Huangye Shi Liang Cha 2022

The exoskeleton could ward off any attempts to break in, and so it be. This Hua Juan Cha has only seen a year within its sleeping chambers and could do with many more before its contents are exposed. Consider it a time capsule filled with wild material from Mount Furong, tucked away securely after a hei cha treatment of firing, rolling, piling, then a final steam. The dense matter from a pried-open capsule wafts in sweet and fruity aromas of mango, ripe berries, and dark chocolate; while its malt-forward and slight bitter flavour in the early infusions suggest a high fire roasting that would mellow out with time - a small investment for those who like to create their own adventure.


About the producer

We were approached by Huang Xiaofeng, who runs a small-scale tea company in Anhua, Hunan; with a portfolio of quality hei cha or dark teas from the alpine forests of the region. Their focus on local tradition and authentic techniques took our intrigue immediately that we decided to source a bunch of hei chas to take on an exploration of a tea category lesser known to us. The raw materials are sourced from their 100-acre Laocong old tea garden, a biodynamic environment more than 700m deep in the mountains and far away from local villages and roads. 

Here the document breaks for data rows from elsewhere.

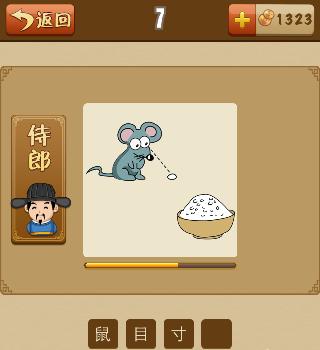 看图猜成语一只老鼠一碗饭打一成语是什么
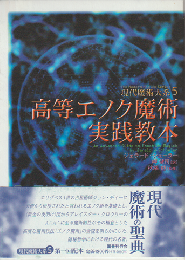 高等エノク魔術実践教本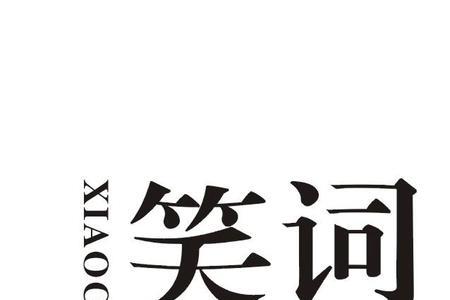 笑能是什么词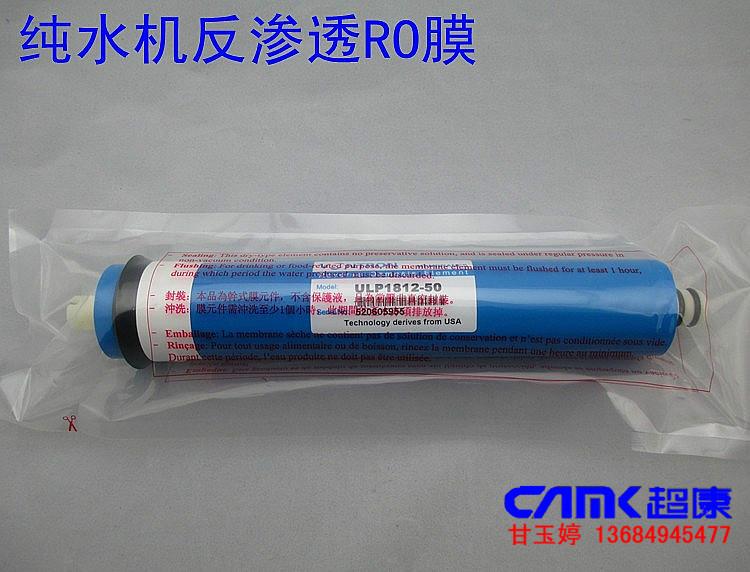 供应50G汇通膜ULP-50图片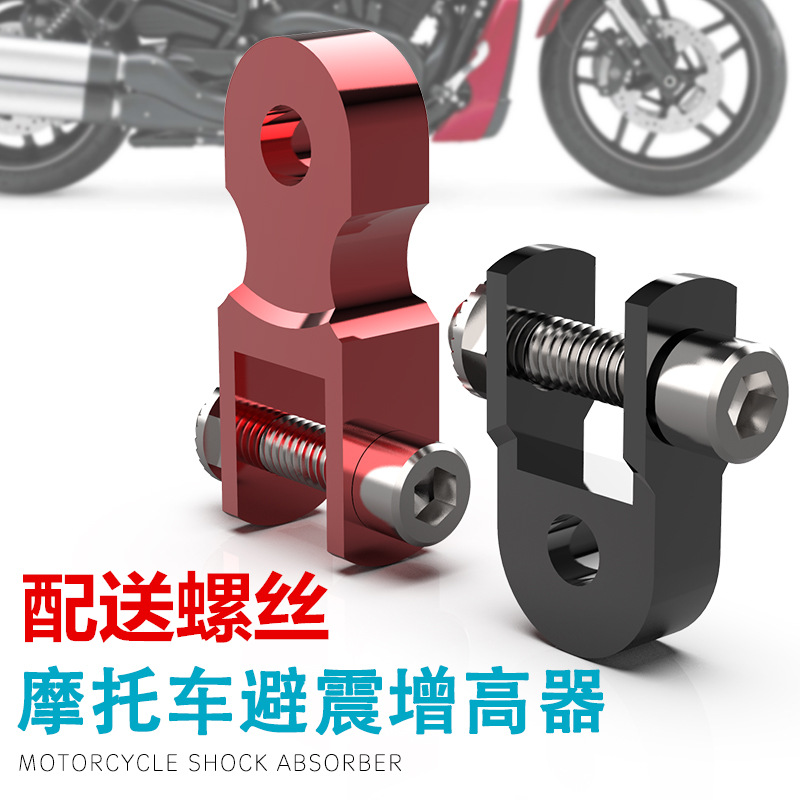 Locomotive Shock-Proof Retrofit Plus High Instrumental Seat Warmer Scooter Electric Scooter Electric Scooter Electric Car Rear Shock-Proof Thickened Heightener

  • ORIGIN: Furong Shan, Anhua, Yiyang, Hunan, China
  • MEANING: Wilderness ten Tael tea (huang ye shi liang cha)
  • CULTIVAR: Anhua qun ti zhong
  • HARVEST TIME: Spring 2022
  • TASTE: Mango, malt, dark chocolate


  • Quantity: 6g / 500ml
  • Water temperature: 100°C
  • Infusion time: 5 min
  • Quantity: 5g / 100ml
  • Water temperature: 100°C
  • Several short infusions

After an initial rinse, start with few seconds. Increase the brewing time at each following infusion. Exception: If the leaves are pressed, make the first infusion longer than the second. For best results in gongfu cha, brew in a Yixing teapot.

Additional Information

Named after a twisted tea bun, Hua Juan Cha is a category of Hei Cha uniquely compressed into hand-woven bamboo baskets resembling pillars of tea. Each pillar is lined with reed leaves and palm bark before being stuffed with raw material according to ancient propriety. The iconic Qian Liang Cha measures 36.25kg, or qian ('1000') liang; an old Chinese unit measuring about 36 grams, and requires a team of men in its making. Ba ('100') Liang Cha and Shi ('10') Liang Cha are variants and come in their respective sizes. It is a unique emblem of the Anhua tea trade originally conceived for the ease of transportation, though its true value now lies in the way this particular method regulates ageing tea. By allowing oxygen to circulate inside yet retaining the moisture needed within it, aids a slow and steady fermentation.